Work instruction. Copy exactly the lines from the first line of the records below through the line containing "Kartoffelroder im Einsatz", including both, and nothing else.

Recorded data
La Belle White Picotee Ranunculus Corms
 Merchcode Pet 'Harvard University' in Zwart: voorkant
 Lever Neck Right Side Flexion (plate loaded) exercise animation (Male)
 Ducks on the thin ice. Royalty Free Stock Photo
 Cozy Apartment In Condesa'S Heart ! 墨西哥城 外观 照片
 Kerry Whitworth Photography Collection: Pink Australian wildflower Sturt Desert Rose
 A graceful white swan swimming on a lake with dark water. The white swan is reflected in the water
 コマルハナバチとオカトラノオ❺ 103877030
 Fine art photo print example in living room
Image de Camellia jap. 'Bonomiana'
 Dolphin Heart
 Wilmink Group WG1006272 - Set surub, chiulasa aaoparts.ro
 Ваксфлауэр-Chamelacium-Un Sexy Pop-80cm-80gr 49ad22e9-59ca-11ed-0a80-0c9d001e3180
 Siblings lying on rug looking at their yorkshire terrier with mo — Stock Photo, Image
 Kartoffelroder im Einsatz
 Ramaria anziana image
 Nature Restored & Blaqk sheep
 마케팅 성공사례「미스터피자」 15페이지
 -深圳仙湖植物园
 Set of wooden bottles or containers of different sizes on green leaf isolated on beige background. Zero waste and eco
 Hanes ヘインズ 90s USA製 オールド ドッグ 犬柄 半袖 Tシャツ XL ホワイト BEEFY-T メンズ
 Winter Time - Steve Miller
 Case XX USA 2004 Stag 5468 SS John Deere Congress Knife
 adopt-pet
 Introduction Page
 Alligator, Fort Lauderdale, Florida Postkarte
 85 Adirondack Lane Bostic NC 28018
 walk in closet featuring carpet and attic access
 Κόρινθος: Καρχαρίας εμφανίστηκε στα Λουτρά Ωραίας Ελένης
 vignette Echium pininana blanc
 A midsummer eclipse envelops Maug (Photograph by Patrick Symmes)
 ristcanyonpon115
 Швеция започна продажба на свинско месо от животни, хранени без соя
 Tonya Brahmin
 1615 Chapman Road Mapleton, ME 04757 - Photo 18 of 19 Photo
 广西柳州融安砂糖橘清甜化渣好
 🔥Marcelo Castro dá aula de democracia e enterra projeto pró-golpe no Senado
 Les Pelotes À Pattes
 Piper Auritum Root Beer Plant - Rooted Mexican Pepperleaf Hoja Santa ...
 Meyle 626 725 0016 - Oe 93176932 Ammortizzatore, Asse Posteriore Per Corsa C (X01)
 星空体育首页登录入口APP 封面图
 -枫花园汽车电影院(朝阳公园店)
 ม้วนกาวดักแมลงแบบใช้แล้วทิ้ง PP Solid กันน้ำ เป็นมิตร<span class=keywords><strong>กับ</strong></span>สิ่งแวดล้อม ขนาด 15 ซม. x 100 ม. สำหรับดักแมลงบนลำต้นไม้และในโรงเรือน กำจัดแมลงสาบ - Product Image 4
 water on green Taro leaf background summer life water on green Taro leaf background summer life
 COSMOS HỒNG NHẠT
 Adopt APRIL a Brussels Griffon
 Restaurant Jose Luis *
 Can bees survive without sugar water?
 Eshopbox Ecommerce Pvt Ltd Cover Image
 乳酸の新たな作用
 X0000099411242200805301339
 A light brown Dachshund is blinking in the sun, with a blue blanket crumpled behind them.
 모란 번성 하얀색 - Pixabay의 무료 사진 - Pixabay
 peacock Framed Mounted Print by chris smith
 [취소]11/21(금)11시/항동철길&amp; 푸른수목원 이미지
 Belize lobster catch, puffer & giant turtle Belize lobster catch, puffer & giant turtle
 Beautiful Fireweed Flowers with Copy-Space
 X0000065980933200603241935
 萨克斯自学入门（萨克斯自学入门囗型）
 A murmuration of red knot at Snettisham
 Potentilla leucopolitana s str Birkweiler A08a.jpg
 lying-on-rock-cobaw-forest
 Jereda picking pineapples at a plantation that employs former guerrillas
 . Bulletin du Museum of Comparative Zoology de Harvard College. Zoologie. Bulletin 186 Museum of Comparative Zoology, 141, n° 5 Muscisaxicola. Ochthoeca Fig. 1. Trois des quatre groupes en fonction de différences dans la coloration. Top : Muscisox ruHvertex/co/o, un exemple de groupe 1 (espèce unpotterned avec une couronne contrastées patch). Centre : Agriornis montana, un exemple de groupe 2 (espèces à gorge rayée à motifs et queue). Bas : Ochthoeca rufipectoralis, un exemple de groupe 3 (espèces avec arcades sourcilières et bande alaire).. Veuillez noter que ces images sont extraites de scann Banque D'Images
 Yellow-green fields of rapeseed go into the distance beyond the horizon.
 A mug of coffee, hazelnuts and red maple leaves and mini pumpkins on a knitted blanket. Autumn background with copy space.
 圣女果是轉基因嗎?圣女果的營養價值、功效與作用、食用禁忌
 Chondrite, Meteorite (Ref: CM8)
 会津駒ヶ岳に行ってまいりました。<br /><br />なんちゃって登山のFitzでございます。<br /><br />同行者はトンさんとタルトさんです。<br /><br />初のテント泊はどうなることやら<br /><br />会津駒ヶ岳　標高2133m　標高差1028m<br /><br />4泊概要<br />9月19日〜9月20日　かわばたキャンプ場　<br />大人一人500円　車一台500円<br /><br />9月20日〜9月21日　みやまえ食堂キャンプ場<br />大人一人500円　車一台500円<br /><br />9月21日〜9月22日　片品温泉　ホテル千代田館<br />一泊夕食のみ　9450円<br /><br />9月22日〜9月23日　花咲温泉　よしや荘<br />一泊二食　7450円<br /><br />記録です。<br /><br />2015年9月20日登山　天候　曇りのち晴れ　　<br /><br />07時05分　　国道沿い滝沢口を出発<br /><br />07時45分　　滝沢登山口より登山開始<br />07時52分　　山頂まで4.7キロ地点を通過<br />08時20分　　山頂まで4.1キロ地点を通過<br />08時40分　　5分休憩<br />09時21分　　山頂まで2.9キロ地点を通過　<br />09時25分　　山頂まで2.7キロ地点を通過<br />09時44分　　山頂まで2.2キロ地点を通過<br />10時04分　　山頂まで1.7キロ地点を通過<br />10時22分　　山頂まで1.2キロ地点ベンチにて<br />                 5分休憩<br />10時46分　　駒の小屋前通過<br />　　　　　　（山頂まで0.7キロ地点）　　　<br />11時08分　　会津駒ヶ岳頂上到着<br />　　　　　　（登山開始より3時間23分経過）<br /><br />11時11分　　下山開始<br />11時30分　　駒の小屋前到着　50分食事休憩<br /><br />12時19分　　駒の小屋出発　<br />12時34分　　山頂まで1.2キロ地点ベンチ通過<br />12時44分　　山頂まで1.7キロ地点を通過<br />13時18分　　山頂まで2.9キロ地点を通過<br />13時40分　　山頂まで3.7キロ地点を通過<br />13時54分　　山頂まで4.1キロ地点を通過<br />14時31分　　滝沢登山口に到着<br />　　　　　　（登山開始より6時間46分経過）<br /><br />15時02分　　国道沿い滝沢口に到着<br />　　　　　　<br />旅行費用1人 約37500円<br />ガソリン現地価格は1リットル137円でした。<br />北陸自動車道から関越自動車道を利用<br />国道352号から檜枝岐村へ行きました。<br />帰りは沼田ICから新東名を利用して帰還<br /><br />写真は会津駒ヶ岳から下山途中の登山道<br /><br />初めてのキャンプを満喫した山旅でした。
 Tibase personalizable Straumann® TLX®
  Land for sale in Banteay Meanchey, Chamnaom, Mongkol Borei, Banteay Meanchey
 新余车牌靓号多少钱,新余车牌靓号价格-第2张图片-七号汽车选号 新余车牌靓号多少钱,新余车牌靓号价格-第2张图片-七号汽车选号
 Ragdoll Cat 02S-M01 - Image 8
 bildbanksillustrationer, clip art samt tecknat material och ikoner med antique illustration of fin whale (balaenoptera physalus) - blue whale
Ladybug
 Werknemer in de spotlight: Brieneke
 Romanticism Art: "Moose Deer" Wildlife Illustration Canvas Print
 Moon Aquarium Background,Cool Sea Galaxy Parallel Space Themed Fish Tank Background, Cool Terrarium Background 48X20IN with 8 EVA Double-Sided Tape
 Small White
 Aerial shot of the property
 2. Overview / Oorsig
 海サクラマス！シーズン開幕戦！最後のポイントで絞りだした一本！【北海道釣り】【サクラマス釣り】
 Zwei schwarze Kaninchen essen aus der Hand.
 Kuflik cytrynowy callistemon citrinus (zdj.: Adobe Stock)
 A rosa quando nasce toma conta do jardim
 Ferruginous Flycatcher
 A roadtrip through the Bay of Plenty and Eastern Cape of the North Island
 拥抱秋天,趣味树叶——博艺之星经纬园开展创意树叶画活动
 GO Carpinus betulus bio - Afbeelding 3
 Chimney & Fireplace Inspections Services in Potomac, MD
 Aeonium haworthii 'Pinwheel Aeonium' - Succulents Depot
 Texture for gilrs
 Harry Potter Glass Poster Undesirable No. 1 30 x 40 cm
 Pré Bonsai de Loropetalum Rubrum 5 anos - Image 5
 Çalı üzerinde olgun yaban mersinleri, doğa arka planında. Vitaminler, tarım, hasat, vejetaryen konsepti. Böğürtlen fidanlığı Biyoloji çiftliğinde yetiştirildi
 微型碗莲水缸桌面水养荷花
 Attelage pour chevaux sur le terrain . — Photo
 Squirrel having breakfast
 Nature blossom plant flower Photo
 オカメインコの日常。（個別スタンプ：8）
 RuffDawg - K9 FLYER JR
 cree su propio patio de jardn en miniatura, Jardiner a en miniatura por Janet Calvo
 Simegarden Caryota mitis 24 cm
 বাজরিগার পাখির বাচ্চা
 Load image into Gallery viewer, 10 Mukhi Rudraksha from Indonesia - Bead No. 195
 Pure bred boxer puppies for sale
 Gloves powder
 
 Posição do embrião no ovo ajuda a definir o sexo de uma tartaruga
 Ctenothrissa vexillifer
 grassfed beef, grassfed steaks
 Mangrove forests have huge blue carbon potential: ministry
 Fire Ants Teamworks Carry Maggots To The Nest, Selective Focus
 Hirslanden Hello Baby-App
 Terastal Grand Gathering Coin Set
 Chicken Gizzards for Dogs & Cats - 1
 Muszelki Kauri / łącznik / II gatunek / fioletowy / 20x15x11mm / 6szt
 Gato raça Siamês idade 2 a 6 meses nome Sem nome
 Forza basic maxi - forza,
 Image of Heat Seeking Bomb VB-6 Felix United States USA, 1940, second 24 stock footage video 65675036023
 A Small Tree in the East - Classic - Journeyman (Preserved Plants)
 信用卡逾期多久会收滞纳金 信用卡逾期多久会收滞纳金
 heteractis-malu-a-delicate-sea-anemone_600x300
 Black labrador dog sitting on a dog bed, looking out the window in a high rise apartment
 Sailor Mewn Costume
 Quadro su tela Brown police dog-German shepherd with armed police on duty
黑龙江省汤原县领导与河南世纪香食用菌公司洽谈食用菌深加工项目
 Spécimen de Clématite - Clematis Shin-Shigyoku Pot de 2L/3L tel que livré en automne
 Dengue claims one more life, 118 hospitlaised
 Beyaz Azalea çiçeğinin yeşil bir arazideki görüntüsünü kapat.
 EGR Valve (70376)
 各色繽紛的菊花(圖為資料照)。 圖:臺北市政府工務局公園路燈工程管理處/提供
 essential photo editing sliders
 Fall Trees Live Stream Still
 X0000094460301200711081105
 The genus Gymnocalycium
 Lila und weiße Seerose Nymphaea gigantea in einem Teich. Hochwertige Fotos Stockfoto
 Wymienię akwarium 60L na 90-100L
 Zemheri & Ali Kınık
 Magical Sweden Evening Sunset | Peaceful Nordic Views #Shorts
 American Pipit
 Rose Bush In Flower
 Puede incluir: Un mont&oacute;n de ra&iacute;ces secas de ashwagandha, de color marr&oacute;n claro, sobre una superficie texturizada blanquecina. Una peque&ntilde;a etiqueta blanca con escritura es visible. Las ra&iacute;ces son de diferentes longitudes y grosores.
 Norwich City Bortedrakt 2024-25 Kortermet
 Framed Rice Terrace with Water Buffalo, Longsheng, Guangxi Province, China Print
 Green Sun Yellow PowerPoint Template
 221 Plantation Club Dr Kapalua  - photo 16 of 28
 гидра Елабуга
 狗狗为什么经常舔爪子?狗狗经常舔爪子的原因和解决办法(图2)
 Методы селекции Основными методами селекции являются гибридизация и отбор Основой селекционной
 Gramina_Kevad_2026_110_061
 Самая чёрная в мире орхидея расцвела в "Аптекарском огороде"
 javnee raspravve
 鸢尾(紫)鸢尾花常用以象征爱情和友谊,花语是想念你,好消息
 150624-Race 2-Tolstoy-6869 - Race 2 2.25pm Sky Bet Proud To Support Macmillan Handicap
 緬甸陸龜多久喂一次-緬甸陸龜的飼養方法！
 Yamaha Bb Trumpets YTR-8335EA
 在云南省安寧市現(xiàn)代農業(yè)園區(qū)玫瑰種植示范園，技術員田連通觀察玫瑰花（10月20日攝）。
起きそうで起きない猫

Result for this task.
La Belle White Picotee Ranunculus Corms
 Merchcode Pet 'Harvard University' in Zwart: voorkant
 Lever Neck Right Side Flexion (plate loaded) exercise animation (Male)
 Ducks on the thin ice. Royalty Free Stock Photo
 Cozy Apartment In Condesa'S Heart ! 墨西哥城 外观 照片
 Kerry Whitworth Photography Collection: Pink Australian wildflower Sturt Desert Rose
 A graceful white swan swimming on a lake with dark water. The white swan is reflected in the water
 コマルハナバチとオカトラノオ❺ 103877030
 Fine art photo print example in living room
Image de Camellia jap. 'Bonomiana'
 Dolphin Heart
 Wilmink Group WG1006272 - Set surub, chiulasa aaoparts.ro
 Ваксфлауэр-Chamelacium-Un Sexy Pop-80cm-80gr 49ad22e9-59ca-11ed-0a80-0c9d001e3180
 Siblings lying on rug looking at their yorkshire terrier with mo — Stock Photo, Image
 Kartoffelroder im Einsatz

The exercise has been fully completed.